Thursday, July 29, 2010
“Superwoman” and the (Negative) Power of Criticism
Lately I have been feeling a bit like a “superwoman” who would like to be a bit less perfect, or at least under less pressure. Two people in my life have been rather unhelpful, yet feel comfortable dishing out suggestions, criticisms, and pointing out in general all the things that are wrong in our house/town/country. There is almost no way to cook for the family in a way that will please both; last week I made two separate menus for Shabbas morning in an effort to please both. The week before I made two separate batches of Challah (homemade bread). It would have been nice to receive a compliment or thank-you, but neither was forthcoming.
In addition to keeping Ricki occupied during the vacation, I have to put up with all sorts of “helpful” hints about how various things need attending to. And if I dare suggest that said person could “pitch in” a bit more, or if I protest the criticism, all I get is more verbal abuse as a result, or denial of the blatant reality that this person barely lifts a finger to help.
I am getting a bit fed up with all this, but at least I am trying not to take it to heart. These persons have their own reasons why they speak the way they do; apparently better behavior is beyond them at this point.

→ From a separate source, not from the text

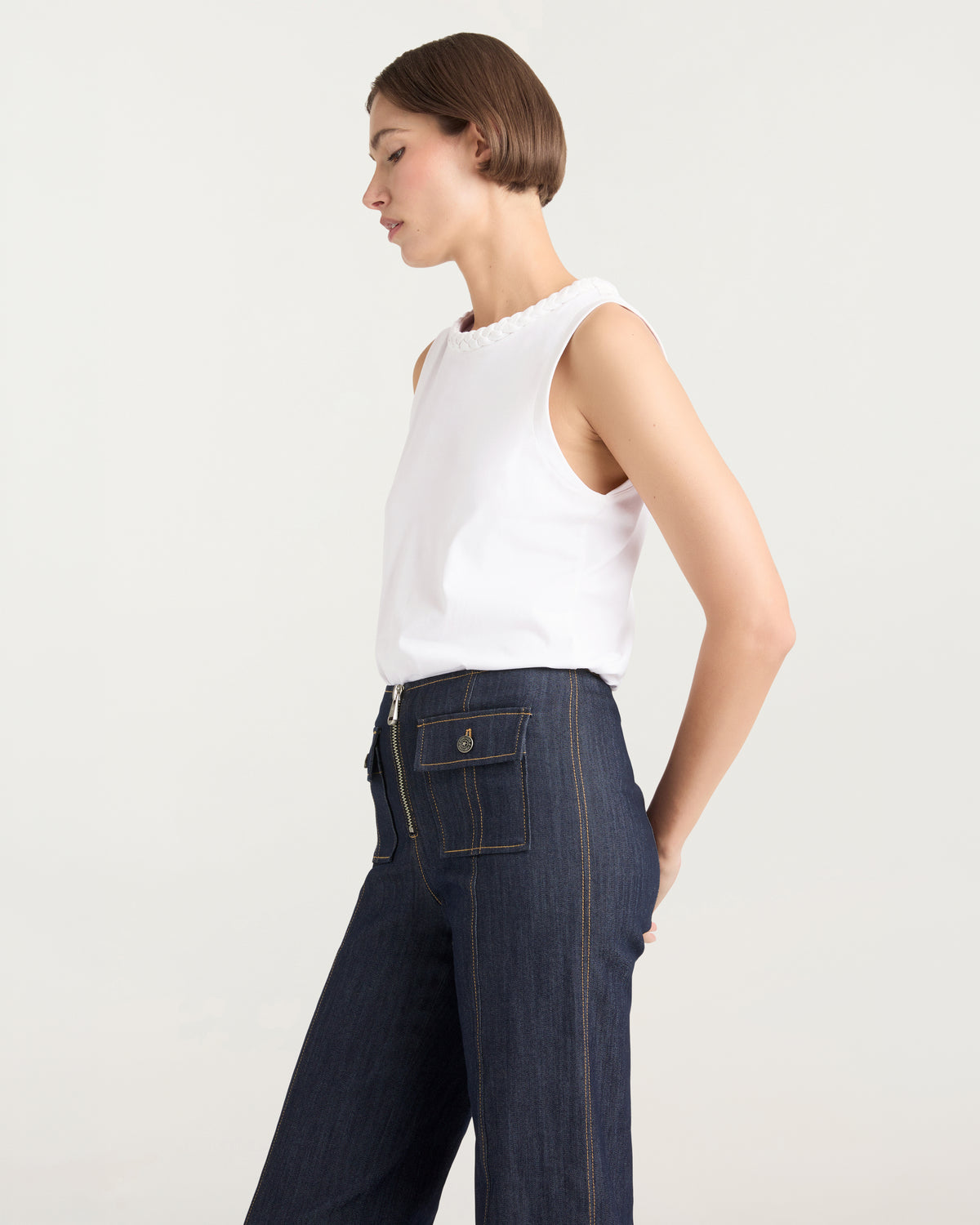 Sleeveless Braided Tee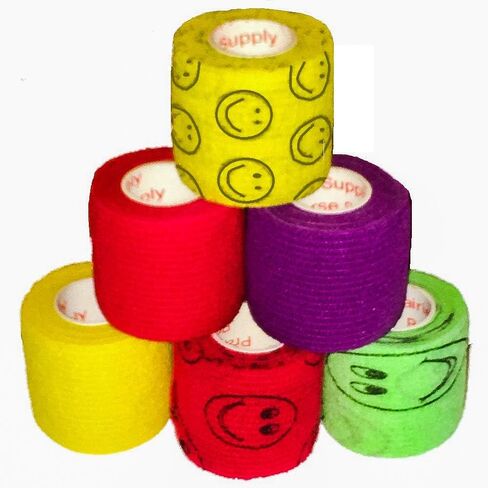 2 Inch Self Adhesive Medical Bandage Wrap Sport Tape (Purple, Yellow, Black Smiles on Yellow, Pink, Green) (6 Rolls) Strong Elastic Self Adherent Flex Rolls for Wrist Ankle Knee Sprains Swelling in Saudi Arabia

What this does show me is the tremendous negative effect of constant, even well-intentioned negative comments. [And I realize that unfortunately I have not been perfect in this matter myself.] Recurrent faultfinding (even if meant for the good) begins to grate on one’s soul after a while.
What keeps me afloat is the wonderfully positive upbringing I had, the knowledge that my parents, especially my Mom, valued me for what I was. The positive self esteem that I received years ago is what helps me, even today, to see that the problem of the subtly negative people surrounding me is a problem of THEIR own personality’s manufacturing.